It’s amazing how much difference a day makes. Yesterday was grey, cool and wet. Today was warm, clear and sunny. It’s good for the soul and for photography to see some sun!
The first part of our drive to Bega was straightforward. When it comes to good old Aussie cheese, few names come up as strongly as Bega and the nearby cheese-making towns of Kameruka and Bodalla. Today Bega Cheese employs more than 600 people, has absorbed the old dairy cooperatives at Kameruka, Bodalla and Tilba and produces more than 40,000 tonnes of cheese and processed dairy products each year.
Just out of interest, we stopped at the Bega Cheese Factory, even though we knew it would be closed. It is, indeed, a large plant and obviously the major employer in town. A nearby look out gave us some views over the Bega Valley. Once again, we are amazed at just how green is the landscape. It’s emerald d green, just like Ireland. The river there had flooded some of the city’s roads and we spent a few minutes driving through the local streets trying to find our way back on the highway.
Up the road, we came to the little town of Cobargo. It has a thriving arts community and a wonderful range of historic timber buildings although these were hard to see because of roadworks along the entire length of the main street through the town. It is hard to reconcile the dampness of the last few weeks with the raging fires that affected this area three years ago.
On December 31 2019, the catastrophic fires burning across southeastern Australia reached Cobargo. Within just a few hours, roads and bridges near the town were impassable, all critical infrastructure was destroyed, and 300 homes in the district along with 30% of businesses in Cobargo’s main street were lost. We could see a number of vacant lots where buildings had previously been.

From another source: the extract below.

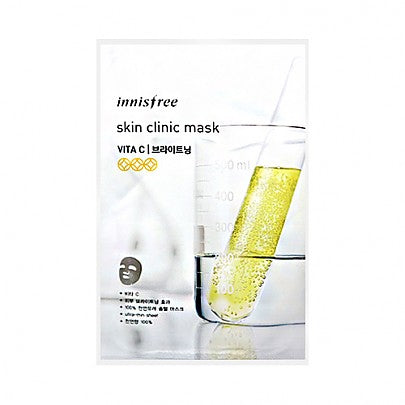 Innisfree - Skin Clinic Mask Sheet (Vita C) 20ml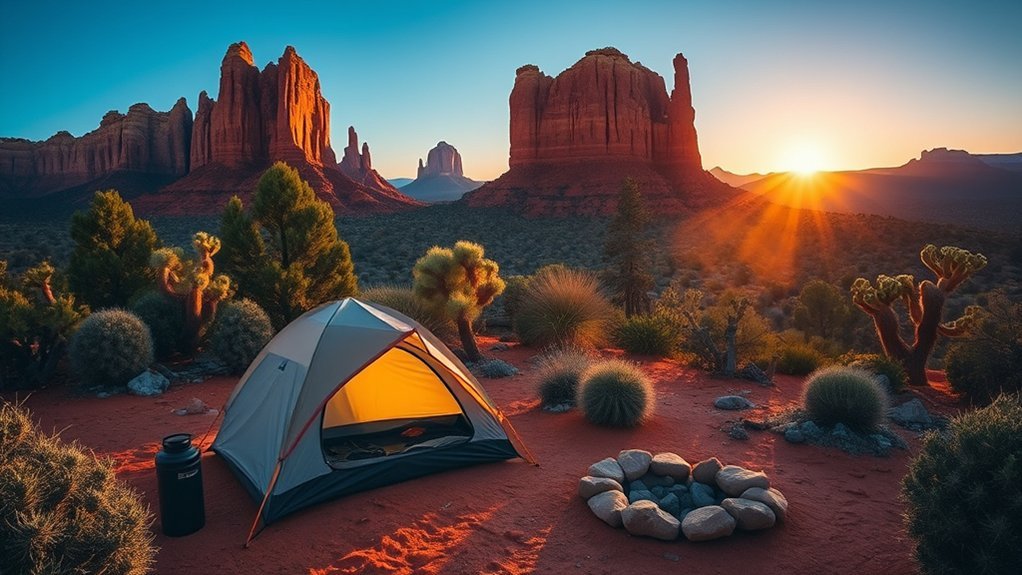 sedona camping tips guide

We noticed this very sad sight. This was once a family home but all that remains now are the steps that would have led up to the front veranda and the kitchen chimney, complete with the old fuel stove.
Bermagui was our next stop and we found the harbour where all the game fishing boats were moored. Historically this town is a magnet for deep sea game fishermen. The warm spring currents bring marlin and yellow fin tuna close to the coast and charter boats from Bermagui take deep-sea and big-game fishers out to sea. The American author Zane Grey (he was a famous writer of westerns) was largely responsible for establishing Bermagui as a world famous marlin fishing destination.
We looked for Bob and Dolly Dyer (older Australians will know them from the Pick A Box Quiz show on black and white TV, but they were doing something else today and were no where not at the wharf. Web gave up looking and had lunch on he headland above the blue pool. There was no point in swimming there today. The seas were far too rough and dangerous.
One of the most interesting places on our travels today were the National Trust towns of Tilba Tilba and Central Tilba. These are two tiny timber towns located in the shadow of the once-active volcano which the local Yuin people called Gulaga and Captain James Cook named Mount Dromedary.
For the past thirty years Central Tilba, the larger of the two towns, has slowly evolved from a small dairy town with a cheese factory into a fashionable destination with boutique accommodation and a wide variety of gift shops and cafes. Once owned by the Bate family (Jeff Bate was a local politician who achieved fame by marrying Prime Minister Harold Holt’s widow, Zara) the villages are widely recognised as two of the most attractive hinterland towns in the area. They were so popular that it was difficult to find a parking space in the main street, so I resorted to stopping in a parking area at the bottom of town and then walked back along the Main Street to try and capture some of the atmosphere of this charming town.I hate to think how many people will visit them if they ever become popular!
We detoured off the highway to a number of points of interest along the coast. These places were mostly seven or eight kilometres off the highway. All, like this beach at Bermagui, had pounding surf dumping big waves on the beaches. It was at Narooma, near the where Wagonga Inlet empties into the sea across a shallow sand bar that we saw a sign that tickled my sense of humour. It said “Dangerous Bar, Large Swells”. I thought it sounded just like a warning in a New Zilland pub after an All Blecks Football Metch.
At Tuross Head, lots of people seemed to be standing on the headland looking along the beach and the entrance to Coilla Lake as if it were a great attraction. One of the locals told me that the council had spent a couple of days opening up the entrance to the lake with an excavator so that the lake didn’t flood and cut off the highway after all the rains of the last week. I guess that seeing the entrance open was an unusual sight of great fascination.
Once again, we managed to fill in the entire day with no problem at all. We now have a free day tomorrow in Batemans Bay to do some local sightseeing and exploring.